Woolies on Burrell, the Railway Street block, DA processing times and a proposed spike in council fees – development issues have been the hot button topic of this council term.
- Railway Street block: Has emerged as a key election issue. Should council have sold a prime piece of community land while the market was bottoming out? How heavily will the new retail/accommodation development impact on existing businesses? Was the community consulted enough on the sale?
- Commercial development: Council has shown it will stand by its principles – and community sentiment – by attempting to block the Woolies on Burrell development. Business leaders, however, remain critical of other commercial planning decisions, including the Griffith Central location and the move to allow bulky goods retailers at the end of Jondaryan Avenue, rather than in existing industrial areas like Mooreville, Battista Estate and Wickham’s Hill.
- Development costs: If council’s current proposal to dramatically increase water and sewerage costs for new residential blocks is successful, Griffith will become one of the most expensive regional areas in NSW to develop. This will act as a clear disincentive to invest in the area.
- Lake Wyangan subdivision: Council’s bid to build a low-cost housing development at Lake Wyangan has been an unmitigated disaster. Why is council competing with private developers on subdivisions?
Paul Pierotti, Griffith Business Chamber president:
“The main issue for us is the general apathy of this council. Other councils, like Leeton, have a can-do attitude towards attracting development but any major developer will tell you Griffith is one of the most expensive, difficult and time-consuming councils to deal with. There has been a pattern of poor planning here, especially allowing Griffith Central to open in an area with no pedestrian access. Creating a new bulky goods hub away from the existing industrial areas has also been a disaster. The latest saga with development costs for new land is also an issue.”

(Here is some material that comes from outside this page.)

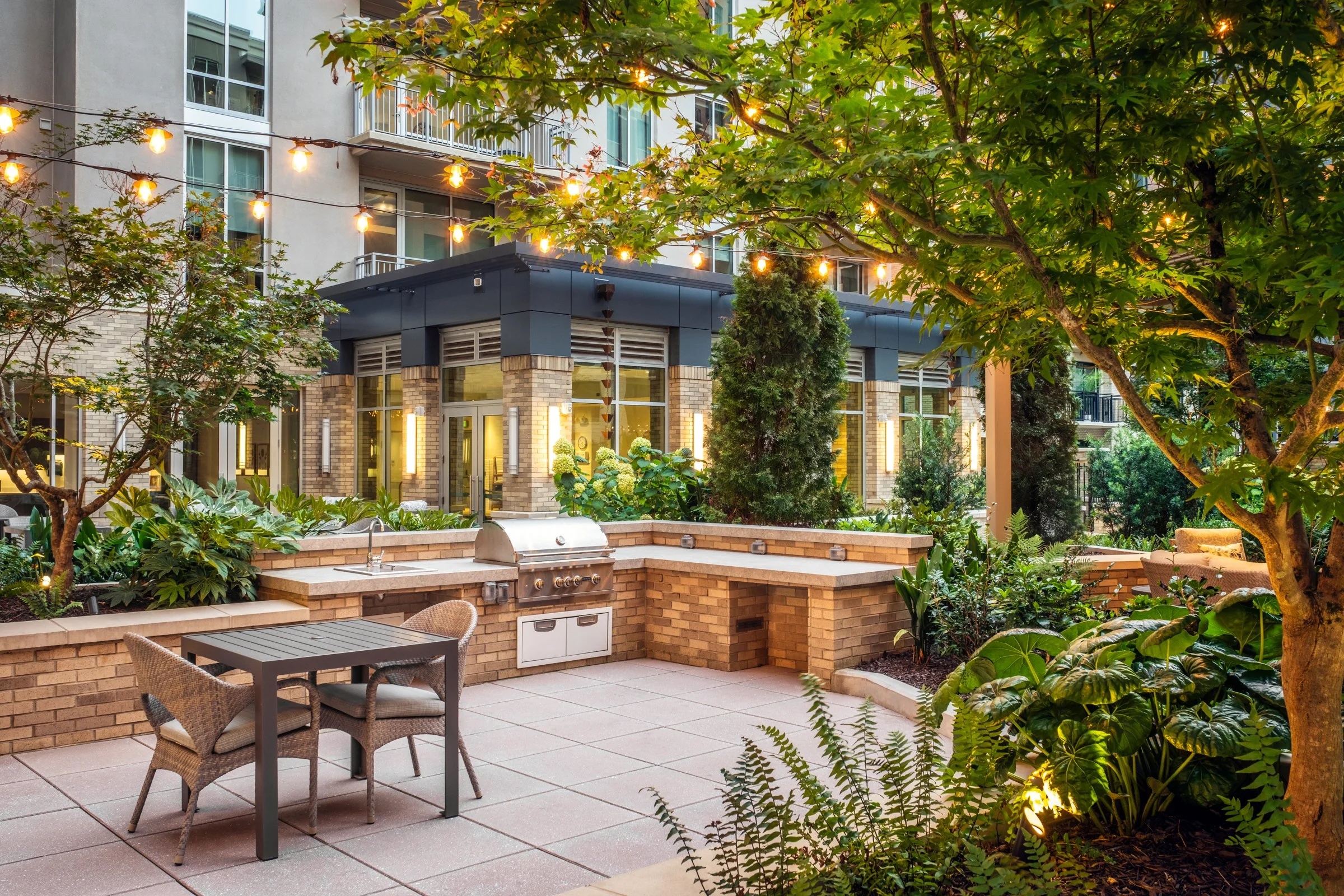 Village on Morehead a 55+ luxury senior living community showcasing the amenity courtyard, landscape design, by LandDesign in Charlotte, NC. Created by Lange Photo Studio.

Ben Dartnell, Dartnell Building Certifiers:
“The biggest issue for us is interference from the state government. There is over-regulation and too much red tape with applications. Even for a small shed or carport, you need things like a statement of environmental effects. The perception of council that things take longer than they should is a bit misplaced. They are audited by the government and are required to comply with things like the housing code, which is very city-centric.”
Forced to follow rigid state government planning guidelines and faced with sometimes impatient applicants, council is on a hiding to nothing when it comes to processing development applications.
Nevertheless, there is some foundation to claims council “milks” developers with excessive fees and often takes too long to process DAs. Criticism of council’s sale of the Railway Street block – much of it pushed by vested interests – is a bit tougher to swallow. Selling public land is never popular but ratepayers must accept that at a time of intense fiscal pressure on council, tough financial decisions must be made.
The next group of councillors must keep a close eye on planning issues and help strike the balance between community sensitivities, council’s bottom line and attracting new development.